Available data
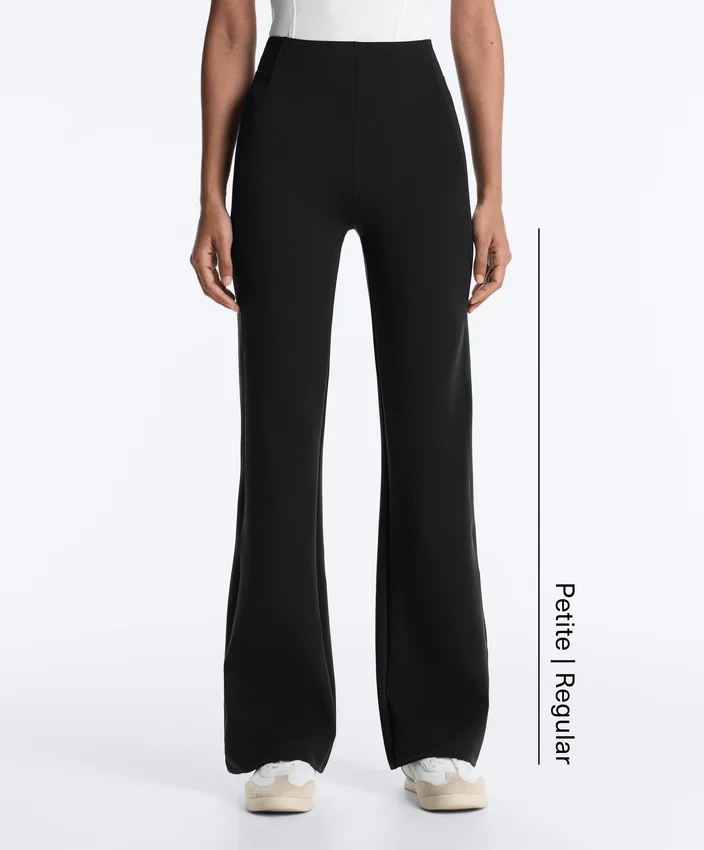 Pantaloni a zampa d’elefante a vita alta effetto neoprene Pantaloni a zampa d’elefante a vita alta effetto neoprene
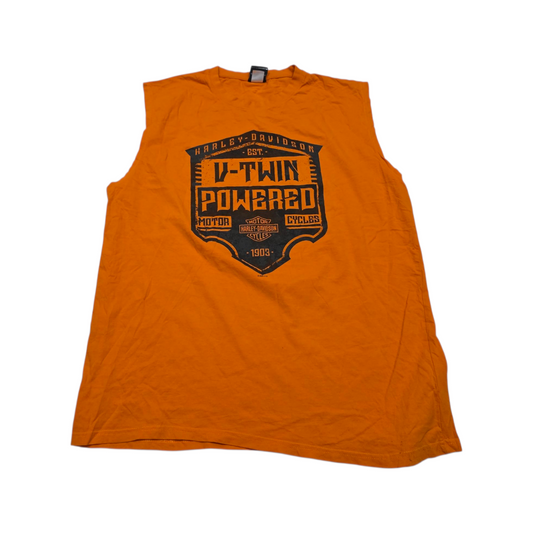 Playera Sin Mangas Harley Davidson 3xl Naranja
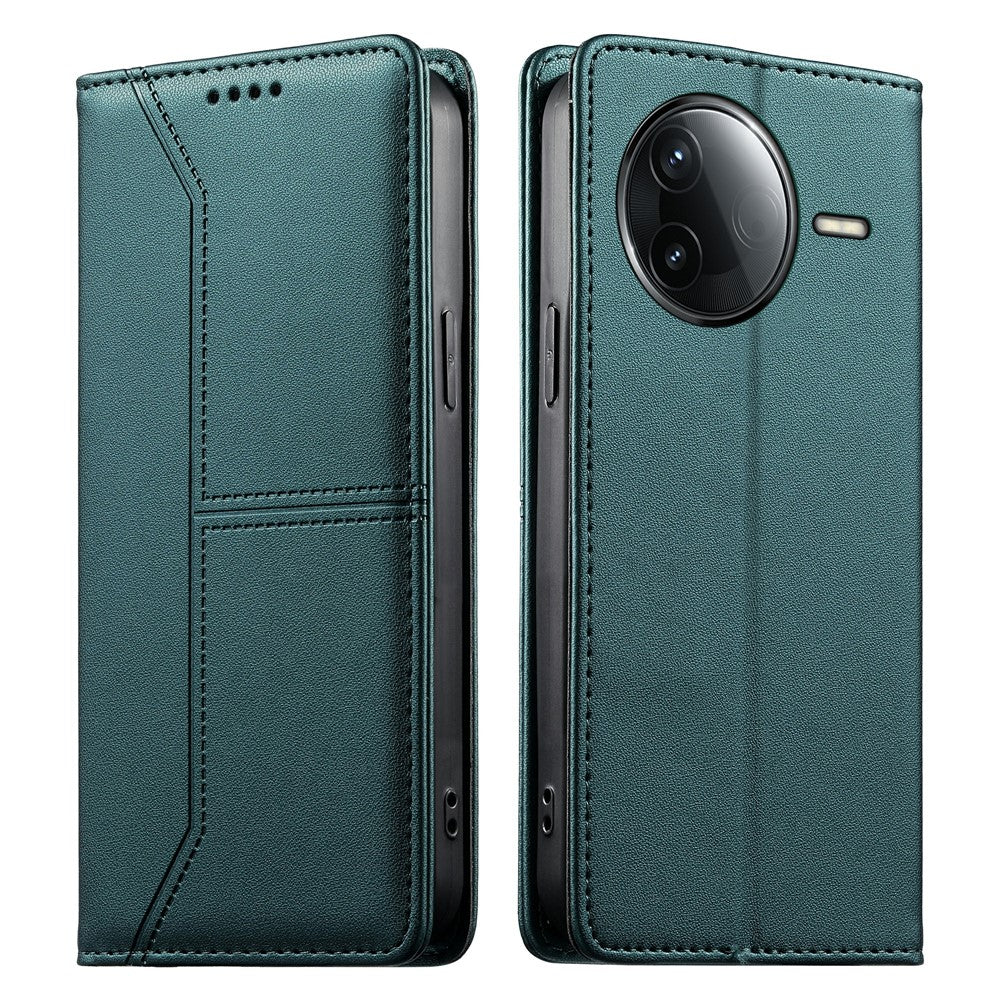 Wallet Stand Case For Xiaomi Redmi K80 5G  /  K80 Pro 5G  /  Poco F7 Pro 5G  /  F7 Ultra 5G Line Splicing TPU PU Leather Phone Cover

Description of the task
Images should not appear in the copy; retype the listing above exactly.

Final answer
 Pantaloni a zampa d’elefante a vita alta effetto neoprene Pantaloni a zampa d’elefante a vita alta effetto neoprene
 Playera Sin Mangas Harley Davidson 3xl Naranja
 Wallet Stand Case For Xiaomi Redmi K80 5G  /  K80 Pro 5G  /  Poco F7 Pro 5G  /  F7 Ultra 5G Line Splicing TPU PU Leather Phone Cover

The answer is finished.